The development costs of using a relational database are not made transparent so management has no idea that there is a problem, let alone a solution.

Well, in-memory databases generally lack the D (durability) in ACID (atomicity, consistency, isolation, durability) by their very nature. This can be overcome to an extent with "hybrid" approaches, however, at some point something (either the data itself, or a transaction log) has to be persisted somewhere to provide the durability aspect. This can generally slow down performance or introduce other non-desirable properties to an in-memory database solution

In contrast, most of todays RDBMS's have the full complement of ACID, as well as having many decades of development behind them. This has resulted in disk-based database systems that are very performant, especially with the many years of improvements and optimisations that modern day RDBMS system have seen (your BTree example being just one of many).

Another factor is our ability as application developers to reduce the load on the database by such mechanisms as caching, thereby squeezing much more perceived performance from the data layer of an application. Indeed, caching itself has seen extensive developments in recent years with distributed caching being common nowadays (just look at the number of users of memcached, for example).

Ironically, the modern day caching systems are, in many ways, slowly transmogrifying into something akin to a true in-memory database system. In-memory databases, like object-oriented databases, are very much the "new kids on the block", so it will be interesting to see where all of this goes in time. Oracle has now acquired TimesTen, and, according to this wikipedia article, Microsoft are looking at getting into the in-memory database market quite soon. That's two modern day "big players" in the traditional RDBMS field that are taking in-memory database systems seriously.

This is also an option: http://www.memsql.com/

I have not used it personally, but it's supposed to be along the lines of a drop-in replacement for MySQL in-memory.

Various Portable versions of SQL, that will work with same efficiency, designed for mobile devices mainly.

SQLite

SQL Server Compact Edition

These are just big players other options may be there, but big players handle minimum requirements with release of it.. :)

and in memory database, you have continuously back up the data if fluctuation or powercut arises you may loss the whole bunch. as in other that will be handled as its in secondary memory(HDD) and the chances of loss will be 10% compare to memory DB.

I hope this may help :)

The most typical use-case for a database is persistence, which makes most in-memory databases unsuitable.
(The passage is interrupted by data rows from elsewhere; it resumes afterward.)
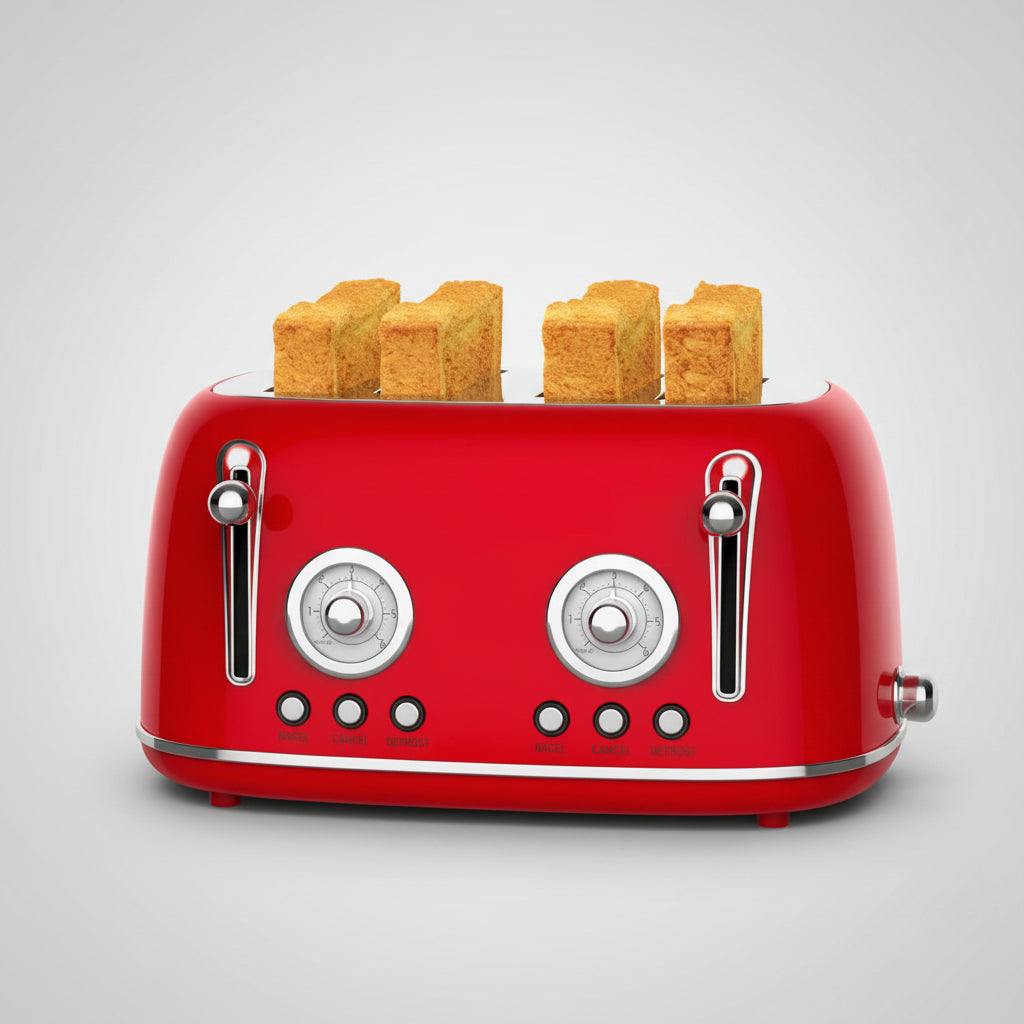 Chefivo Retro 4-Slice Red Toaster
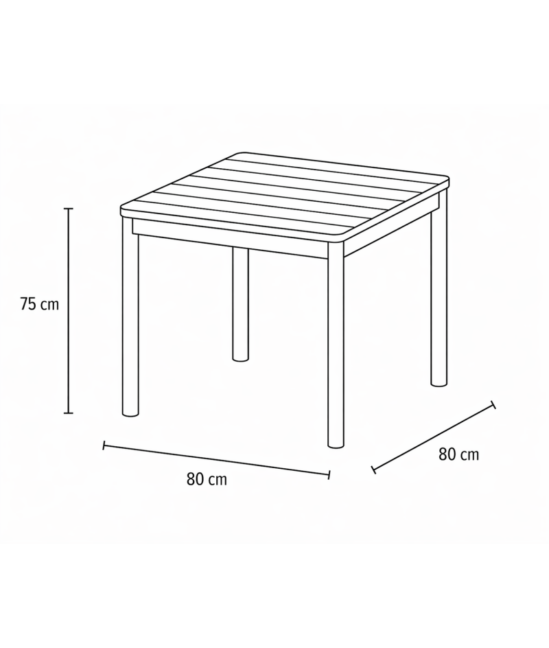 Terrazza kültéri asztal 80×80, sötétszürke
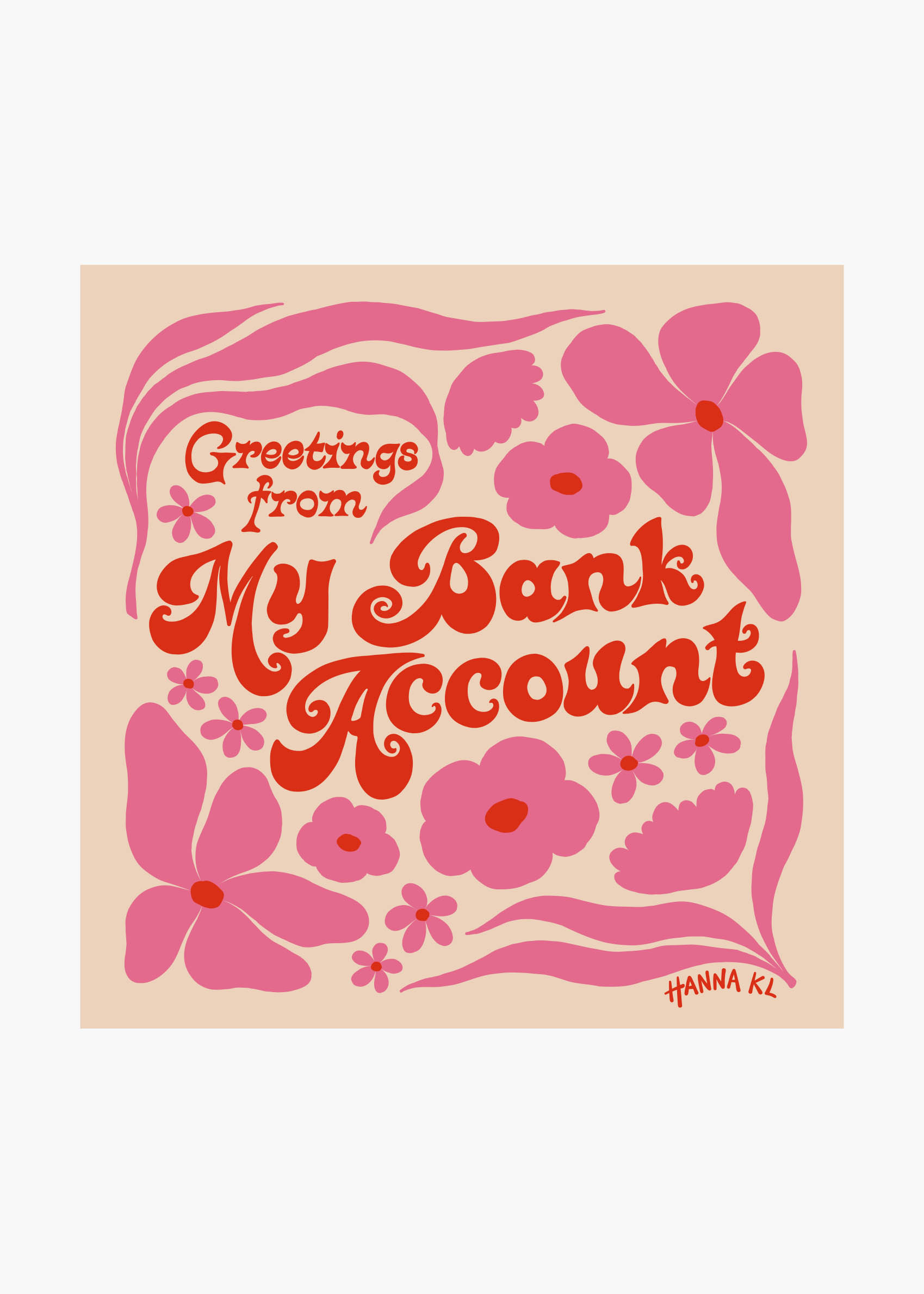 Greetings poster - Flower illustration (40x50 cm)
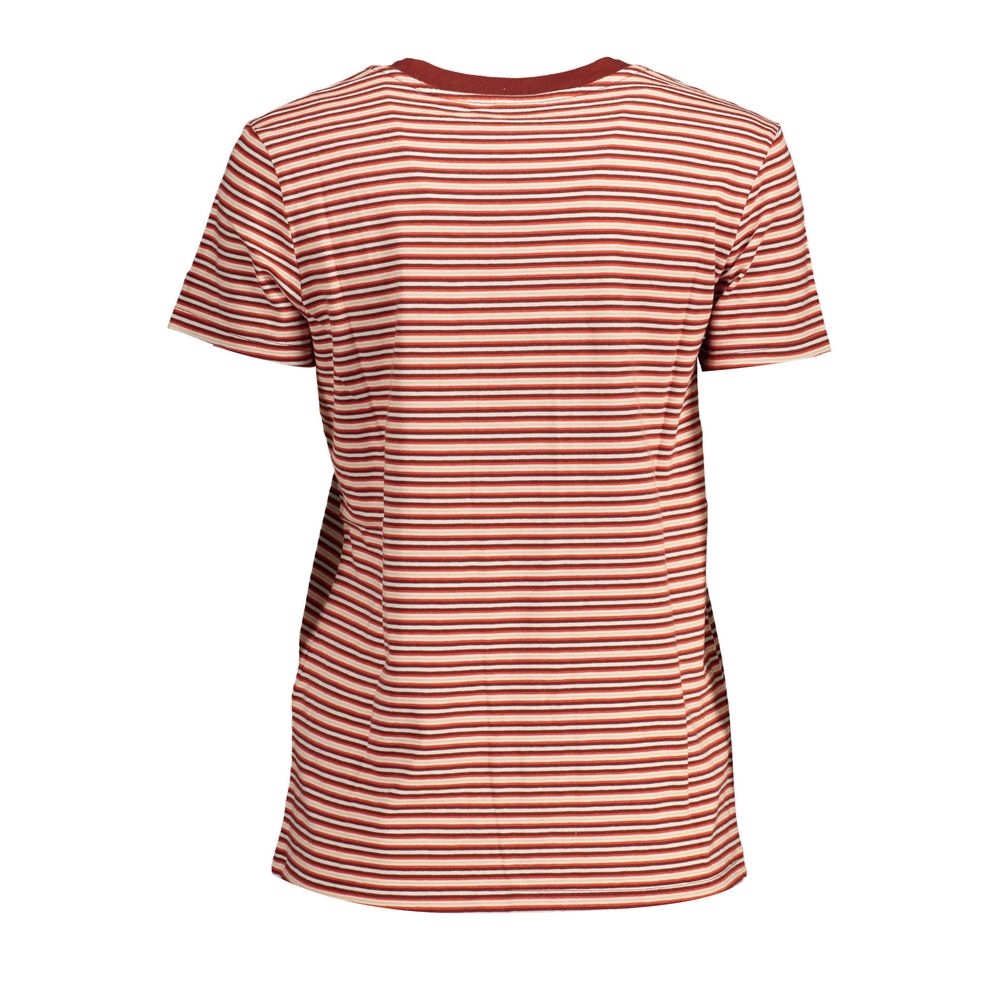 Back view of Levi's Red Cotton Women T-Shirt with stripes, showcasing a round neck and soft, high-quality fabric for a comfortable fit.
One popular reason to use an in-memory database is for testing purposes. But this requires you use either a database that can be set up both as in-memory and something else.

Popular choices in this area seems to be RavenDB for .Net developers and OrientDB for Java developers. Because both can function as in-memory databases, and "something else" depending on configuration, so you can use one or the other depending on your configuration (app.config in .Net, Maven or Ant settings in Java).

Data processing needs are getting more complex and the product ecosystem is evolving to meet these new needs. Disk-based RDBMS, in-memory cache, and in-memory databases are used to satisfy different needs. You should go with what suits your need -

Traditional RDBMS: Your MySQL cluster is fast enough, easy enough to maintain, and you like having the reliability of ACID-compliance.

In-memory distributed cahce: Your application needs to do fast reads and writes without worrying too much about consistency or complex transactions.

In-memory RDBMS:

  1. (Speed): Your application needs to process data/requests faster than your disk-based database can.
  2. (Complexity): You need to make complex transactional reads and writes with joins and aggregations and like to use the power of SQL.
  3. (Scalability): You need to scale your database horizontally without downtime.
  4. (Maintainability): You need the database to provide high availability, replication, load-balancing and disaster recovery without adding to your maintenance chores.
  5. (Caveat): Your data should fit in memory (typically in terabytes).